- Data for processing -
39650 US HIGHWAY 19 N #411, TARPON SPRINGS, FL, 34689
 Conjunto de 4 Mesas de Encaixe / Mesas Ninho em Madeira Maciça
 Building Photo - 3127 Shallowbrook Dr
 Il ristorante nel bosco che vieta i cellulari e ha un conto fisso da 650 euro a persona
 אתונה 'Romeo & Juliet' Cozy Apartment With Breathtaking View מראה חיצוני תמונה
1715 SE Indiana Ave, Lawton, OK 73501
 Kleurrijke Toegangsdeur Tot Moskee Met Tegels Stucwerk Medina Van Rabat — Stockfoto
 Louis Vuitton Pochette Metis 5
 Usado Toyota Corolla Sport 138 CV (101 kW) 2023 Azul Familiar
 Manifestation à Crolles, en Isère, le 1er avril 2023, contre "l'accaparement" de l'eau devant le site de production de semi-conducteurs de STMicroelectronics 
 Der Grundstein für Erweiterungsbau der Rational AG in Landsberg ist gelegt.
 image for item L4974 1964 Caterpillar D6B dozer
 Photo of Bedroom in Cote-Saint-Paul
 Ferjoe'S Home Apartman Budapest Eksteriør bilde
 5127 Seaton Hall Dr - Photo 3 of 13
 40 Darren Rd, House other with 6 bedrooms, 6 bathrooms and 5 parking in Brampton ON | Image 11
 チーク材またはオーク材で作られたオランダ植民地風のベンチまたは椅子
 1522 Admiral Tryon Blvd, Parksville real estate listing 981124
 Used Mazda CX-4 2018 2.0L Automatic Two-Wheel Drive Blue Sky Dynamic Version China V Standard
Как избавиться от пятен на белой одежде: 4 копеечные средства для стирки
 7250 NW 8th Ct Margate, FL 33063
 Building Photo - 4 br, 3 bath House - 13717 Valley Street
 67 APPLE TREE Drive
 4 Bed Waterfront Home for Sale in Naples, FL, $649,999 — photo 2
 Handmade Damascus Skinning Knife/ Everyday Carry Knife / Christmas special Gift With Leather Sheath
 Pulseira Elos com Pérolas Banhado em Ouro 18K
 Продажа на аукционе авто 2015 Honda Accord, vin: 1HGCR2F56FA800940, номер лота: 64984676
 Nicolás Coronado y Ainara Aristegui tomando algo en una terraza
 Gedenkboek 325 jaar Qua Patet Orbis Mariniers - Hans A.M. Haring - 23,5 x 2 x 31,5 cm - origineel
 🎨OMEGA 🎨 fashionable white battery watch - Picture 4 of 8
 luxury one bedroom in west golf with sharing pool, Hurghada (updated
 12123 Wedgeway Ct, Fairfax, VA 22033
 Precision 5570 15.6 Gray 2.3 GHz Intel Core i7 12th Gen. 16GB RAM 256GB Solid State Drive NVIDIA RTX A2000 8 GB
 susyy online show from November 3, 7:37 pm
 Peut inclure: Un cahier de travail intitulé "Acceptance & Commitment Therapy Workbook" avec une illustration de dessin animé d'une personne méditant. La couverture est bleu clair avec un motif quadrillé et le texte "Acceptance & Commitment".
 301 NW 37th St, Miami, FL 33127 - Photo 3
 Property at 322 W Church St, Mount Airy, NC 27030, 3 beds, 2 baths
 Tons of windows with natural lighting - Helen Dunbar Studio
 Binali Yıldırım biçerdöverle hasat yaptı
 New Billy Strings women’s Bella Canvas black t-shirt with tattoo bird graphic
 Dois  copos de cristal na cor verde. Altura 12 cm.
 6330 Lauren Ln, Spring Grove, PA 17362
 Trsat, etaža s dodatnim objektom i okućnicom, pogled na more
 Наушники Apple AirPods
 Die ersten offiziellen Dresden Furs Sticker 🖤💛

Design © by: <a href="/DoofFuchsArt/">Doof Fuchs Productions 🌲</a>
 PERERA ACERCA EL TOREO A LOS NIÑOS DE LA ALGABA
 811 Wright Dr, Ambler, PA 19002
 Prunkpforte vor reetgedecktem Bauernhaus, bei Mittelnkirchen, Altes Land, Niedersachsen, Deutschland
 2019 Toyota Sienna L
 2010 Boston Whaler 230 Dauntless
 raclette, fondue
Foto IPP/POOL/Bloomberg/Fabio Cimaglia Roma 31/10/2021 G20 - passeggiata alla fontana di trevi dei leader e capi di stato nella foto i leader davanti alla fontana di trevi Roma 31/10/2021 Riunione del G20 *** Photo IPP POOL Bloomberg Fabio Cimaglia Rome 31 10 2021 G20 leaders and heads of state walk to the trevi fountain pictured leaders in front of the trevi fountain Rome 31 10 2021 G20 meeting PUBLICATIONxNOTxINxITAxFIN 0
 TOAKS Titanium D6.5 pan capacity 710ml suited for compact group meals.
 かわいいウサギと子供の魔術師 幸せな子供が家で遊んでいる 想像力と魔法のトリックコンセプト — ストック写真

- Task details -
Please copy the entire listing, leaving each line exactly as written.

- Response to the exercise -
39650 US HIGHWAY 19 N #411, TARPON SPRINGS, FL, 34689
 Conjunto de 4 Mesas de Encaixe / Mesas Ninho em Madeira Maciça
 Building Photo - 3127 Shallowbrook Dr
 Il ristorante nel bosco che vieta i cellulari e ha un conto fisso da 650 euro a persona
 אתונה 'Romeo & Juliet' Cozy Apartment With Breathtaking View מראה חיצוני תמונה
1715 SE Indiana Ave, Lawton, OK 73501
 Kleurrijke Toegangsdeur Tot Moskee Met Tegels Stucwerk Medina Van Rabat — Stockfoto
 Louis Vuitton Pochette Metis 5
 Usado Toyota Corolla Sport 138 CV (101 kW) 2023 Azul Familiar
 Manifestation à Crolles, en Isère, le 1er avril 2023, contre "l'accaparement" de l'eau devant le site de production de semi-conducteurs de STMicroelectronics 
 Der Grundstein für Erweiterungsbau der Rational AG in Landsberg ist gelegt.
 image for item L4974 1964 Caterpillar D6B dozer
 Photo of Bedroom in Cote-Saint-Paul
 Ferjoe'S Home Apartman Budapest Eksteriør bilde
 5127 Seaton Hall Dr - Photo 3 of 13
 40 Darren Rd, House other with 6 bedrooms, 6 bathrooms and 5 parking in Brampton ON | Image 11
 チーク材またはオーク材で作られたオランダ植民地風のベンチまたは椅子
 1522 Admiral Tryon Blvd, Parksville real estate listing 981124
 Used Mazda CX-4 2018 2.0L Automatic Two-Wheel Drive Blue Sky Dynamic Version China V Standard
Как избавиться от пятен на белой одежде: 4 копеечные средства для стирки
 7250 NW 8th Ct Margate, FL 33063
 Building Photo - 4 br, 3 bath House - 13717 Valley Street
 67 APPLE TREE Drive
 4 Bed Waterfront Home for Sale in Naples, FL, $649,999 — photo 2
 Handmade Damascus Skinning Knife/ Everyday Carry Knife / Christmas special Gift With Leather Sheath
 Pulseira Elos com Pérolas Banhado em Ouro 18K
 Продажа на аукционе авто 2015 Honda Accord, vin: 1HGCR2F56FA800940, номер лота: 64984676
 Nicolás Coronado y Ainara Aristegui tomando algo en una terraza
 Gedenkboek 325 jaar Qua Patet Orbis Mariniers - Hans A.M. Haring - 23,5 x 2 x 31,5 cm - origineel
 🎨OMEGA 🎨 fashionable white battery watch - Picture 4 of 8
 luxury one bedroom in west golf with sharing pool, Hurghada (updated
 12123 Wedgeway Ct, Fairfax, VA 22033
 Precision 5570 15.6 Gray 2.3 GHz Intel Core i7 12th Gen. 16GB RAM 256GB Solid State Drive NVIDIA RTX A2000 8 GB
 susyy online show from November 3, 7:37 pm
 Peut inclure: Un cahier de travail intitulé "Acceptance & Commitment Therapy Workbook" avec une illustration de dessin animé d'une personne méditant. La couverture est bleu clair avec un motif quadrillé et le texte "Acceptance & Commitment".
 301 NW 37th St, Miami, FL 33127 - Photo 3
 Property at 322 W Church St, Mount Airy, NC 27030, 3 beds, 2 baths
 Tons of windows with natural lighting - Helen Dunbar Studio
 Binali Yıldırım biçerdöverle hasat yaptı
 New Billy Strings women’s Bella Canvas black t-shirt with tattoo bird graphic
 Dois  copos de cristal na cor verde. Altura 12 cm.
 6330 Lauren Ln, Spring Grove, PA 17362
 Trsat, etaža s dodatnim objektom i okućnicom, pogled na more
 Наушники Apple AirPods
 Die ersten offiziellen Dresden Furs Sticker 🖤💛

Design © by: <a href="/DoofFuchsArt/">Doof Fuchs Productions 🌲</a>
 PERERA ACERCA EL TOREO A LOS NIÑOS DE LA ALGABA
 811 Wright Dr, Ambler, PA 19002
 Prunkpforte vor reetgedecktem Bauernhaus, bei Mittelnkirchen, Altes Land, Niedersachsen, Deutschland
 2019 Toyota Sienna L
 2010 Boston Whaler 230 Dauntless
 raclette, fondue
Foto IPP/POOL/Bloomberg/Fabio Cimaglia Roma 31/10/2021 G20 - passeggiata alla fontana di trevi dei leader e capi di stato nella foto i leader davanti alla fontana di trevi Roma 31/10/2021 Riunione del G20 *** Photo IPP POOL Bloomberg Fabio Cimaglia Rome 31 10 2021 G20 leaders and heads of state walk to the trevi fountain pictured leaders in front of the trevi fountain Rome 31 10 2021 G20 meeting PUBLICATIONxNOTxINxITAxFIN 0
 TOAKS Titanium D6.5 pan capacity 710ml suited for compact group meals.
 かわいいウサギと子供の魔術師 幸せな子供が家で遊んでいる 想像力と魔法のトリックコンセプト — ストック写真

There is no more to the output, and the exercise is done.